■ Directions: Entries follow. Return each line that contains the word "Beds".

■ Record extracts:

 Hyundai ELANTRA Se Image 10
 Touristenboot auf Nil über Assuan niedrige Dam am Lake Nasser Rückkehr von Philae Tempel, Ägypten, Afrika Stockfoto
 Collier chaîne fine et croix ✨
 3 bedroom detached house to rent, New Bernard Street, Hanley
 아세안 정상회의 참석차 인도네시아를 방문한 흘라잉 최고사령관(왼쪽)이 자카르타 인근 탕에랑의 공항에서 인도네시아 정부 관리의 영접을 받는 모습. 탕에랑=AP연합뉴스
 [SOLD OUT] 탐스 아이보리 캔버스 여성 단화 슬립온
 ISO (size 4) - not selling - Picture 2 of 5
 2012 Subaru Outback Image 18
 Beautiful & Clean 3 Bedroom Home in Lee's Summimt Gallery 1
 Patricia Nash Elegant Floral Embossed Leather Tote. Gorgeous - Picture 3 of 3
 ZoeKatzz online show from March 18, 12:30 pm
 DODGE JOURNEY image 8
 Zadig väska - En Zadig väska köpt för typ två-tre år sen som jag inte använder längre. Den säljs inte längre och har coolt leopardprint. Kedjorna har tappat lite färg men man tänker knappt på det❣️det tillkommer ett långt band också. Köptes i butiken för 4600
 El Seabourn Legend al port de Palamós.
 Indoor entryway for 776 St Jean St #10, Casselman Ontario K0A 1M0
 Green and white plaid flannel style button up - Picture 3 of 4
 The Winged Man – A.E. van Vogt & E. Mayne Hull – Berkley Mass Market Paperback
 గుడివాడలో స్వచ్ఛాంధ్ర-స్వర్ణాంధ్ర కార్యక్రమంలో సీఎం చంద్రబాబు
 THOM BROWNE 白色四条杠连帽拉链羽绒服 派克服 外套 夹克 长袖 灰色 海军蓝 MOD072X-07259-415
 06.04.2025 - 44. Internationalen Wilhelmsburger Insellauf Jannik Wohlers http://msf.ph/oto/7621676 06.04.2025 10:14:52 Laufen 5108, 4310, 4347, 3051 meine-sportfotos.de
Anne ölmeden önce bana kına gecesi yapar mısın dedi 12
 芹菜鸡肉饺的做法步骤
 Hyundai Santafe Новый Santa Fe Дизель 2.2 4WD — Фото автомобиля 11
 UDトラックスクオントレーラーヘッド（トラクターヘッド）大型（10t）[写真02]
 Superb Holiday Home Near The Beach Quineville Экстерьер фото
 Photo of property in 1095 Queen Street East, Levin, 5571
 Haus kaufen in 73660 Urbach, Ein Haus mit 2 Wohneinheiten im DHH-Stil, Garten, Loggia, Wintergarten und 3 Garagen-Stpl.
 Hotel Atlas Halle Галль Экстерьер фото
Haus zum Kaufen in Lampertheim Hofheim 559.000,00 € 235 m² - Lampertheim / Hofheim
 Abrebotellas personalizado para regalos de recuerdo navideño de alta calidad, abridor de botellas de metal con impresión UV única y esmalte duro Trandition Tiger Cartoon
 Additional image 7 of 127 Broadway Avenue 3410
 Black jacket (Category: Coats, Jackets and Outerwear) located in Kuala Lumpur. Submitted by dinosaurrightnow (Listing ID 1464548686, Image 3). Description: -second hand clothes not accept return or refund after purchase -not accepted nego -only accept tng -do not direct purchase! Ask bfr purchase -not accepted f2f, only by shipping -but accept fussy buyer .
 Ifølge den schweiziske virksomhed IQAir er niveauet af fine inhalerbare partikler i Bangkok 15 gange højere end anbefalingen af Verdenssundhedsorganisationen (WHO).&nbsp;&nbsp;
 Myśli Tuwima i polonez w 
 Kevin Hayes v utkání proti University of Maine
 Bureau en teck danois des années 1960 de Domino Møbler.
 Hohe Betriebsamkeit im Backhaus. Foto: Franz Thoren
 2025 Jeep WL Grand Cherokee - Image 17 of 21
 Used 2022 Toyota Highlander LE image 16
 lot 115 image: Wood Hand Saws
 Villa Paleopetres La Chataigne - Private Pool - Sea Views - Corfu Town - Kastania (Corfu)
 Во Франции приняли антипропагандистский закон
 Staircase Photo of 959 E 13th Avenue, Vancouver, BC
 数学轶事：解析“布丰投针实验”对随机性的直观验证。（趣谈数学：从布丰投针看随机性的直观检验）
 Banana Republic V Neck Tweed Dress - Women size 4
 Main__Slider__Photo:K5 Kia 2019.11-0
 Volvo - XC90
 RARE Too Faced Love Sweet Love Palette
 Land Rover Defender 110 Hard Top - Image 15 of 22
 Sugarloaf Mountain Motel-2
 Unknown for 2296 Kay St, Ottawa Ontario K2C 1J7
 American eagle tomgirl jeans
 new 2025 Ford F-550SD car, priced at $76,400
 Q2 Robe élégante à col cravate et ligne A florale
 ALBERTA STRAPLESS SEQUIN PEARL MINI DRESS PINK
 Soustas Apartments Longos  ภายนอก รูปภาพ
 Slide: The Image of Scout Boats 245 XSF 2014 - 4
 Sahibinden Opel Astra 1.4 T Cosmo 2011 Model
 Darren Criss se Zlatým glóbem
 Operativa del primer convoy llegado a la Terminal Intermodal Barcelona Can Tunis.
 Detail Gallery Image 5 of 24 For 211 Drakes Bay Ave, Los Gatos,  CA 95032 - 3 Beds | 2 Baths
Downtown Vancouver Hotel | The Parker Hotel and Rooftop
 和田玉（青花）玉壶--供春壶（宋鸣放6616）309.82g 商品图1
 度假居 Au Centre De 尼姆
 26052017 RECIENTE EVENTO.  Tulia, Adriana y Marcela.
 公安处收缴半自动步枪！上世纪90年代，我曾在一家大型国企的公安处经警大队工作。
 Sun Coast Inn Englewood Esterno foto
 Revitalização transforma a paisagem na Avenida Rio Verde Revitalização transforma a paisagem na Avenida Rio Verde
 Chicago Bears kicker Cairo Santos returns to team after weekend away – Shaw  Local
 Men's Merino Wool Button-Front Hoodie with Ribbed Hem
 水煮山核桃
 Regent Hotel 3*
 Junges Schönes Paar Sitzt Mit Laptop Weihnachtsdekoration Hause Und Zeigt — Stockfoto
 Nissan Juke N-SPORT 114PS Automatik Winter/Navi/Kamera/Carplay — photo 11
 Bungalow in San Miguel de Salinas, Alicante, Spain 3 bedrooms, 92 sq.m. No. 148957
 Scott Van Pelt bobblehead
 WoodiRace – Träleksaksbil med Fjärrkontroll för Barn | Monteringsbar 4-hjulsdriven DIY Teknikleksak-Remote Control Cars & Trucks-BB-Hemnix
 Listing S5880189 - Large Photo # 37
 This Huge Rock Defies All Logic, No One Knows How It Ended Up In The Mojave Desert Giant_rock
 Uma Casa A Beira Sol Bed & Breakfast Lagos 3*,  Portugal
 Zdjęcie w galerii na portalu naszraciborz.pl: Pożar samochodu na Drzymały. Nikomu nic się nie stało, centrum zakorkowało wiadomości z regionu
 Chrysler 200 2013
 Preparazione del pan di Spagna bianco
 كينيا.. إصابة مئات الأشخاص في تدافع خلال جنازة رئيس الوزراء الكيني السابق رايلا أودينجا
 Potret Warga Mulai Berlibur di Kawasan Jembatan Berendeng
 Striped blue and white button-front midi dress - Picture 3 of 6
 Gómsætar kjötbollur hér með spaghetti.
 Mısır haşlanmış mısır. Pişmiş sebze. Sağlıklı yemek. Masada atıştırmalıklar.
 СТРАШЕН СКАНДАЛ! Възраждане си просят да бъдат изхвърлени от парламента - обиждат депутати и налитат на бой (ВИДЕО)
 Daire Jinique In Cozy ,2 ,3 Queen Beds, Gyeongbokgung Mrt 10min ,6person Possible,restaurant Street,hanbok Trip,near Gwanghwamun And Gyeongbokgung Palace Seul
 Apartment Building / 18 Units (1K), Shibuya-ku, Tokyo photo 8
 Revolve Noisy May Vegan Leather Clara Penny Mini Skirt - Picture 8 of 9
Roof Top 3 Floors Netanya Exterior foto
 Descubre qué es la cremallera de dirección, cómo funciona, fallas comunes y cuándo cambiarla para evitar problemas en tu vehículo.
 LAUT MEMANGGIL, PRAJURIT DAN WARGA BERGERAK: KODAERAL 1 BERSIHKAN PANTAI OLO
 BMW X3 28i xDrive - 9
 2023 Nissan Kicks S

■ Result of the task:
 Detail Gallery Image 5 of 24 For 211 Drakes Bay Ave, Los Gatos,  CA 95032 - 3 Beds | 2 Baths
 Daire Jinique In Cozy ,2 ,3 Queen Beds, Gyeongbokgung Mrt 10min ,6person Possible,restaurant Street,hanbok Trip,near Gwanghwamun And Gyeongbokgung Palace Seul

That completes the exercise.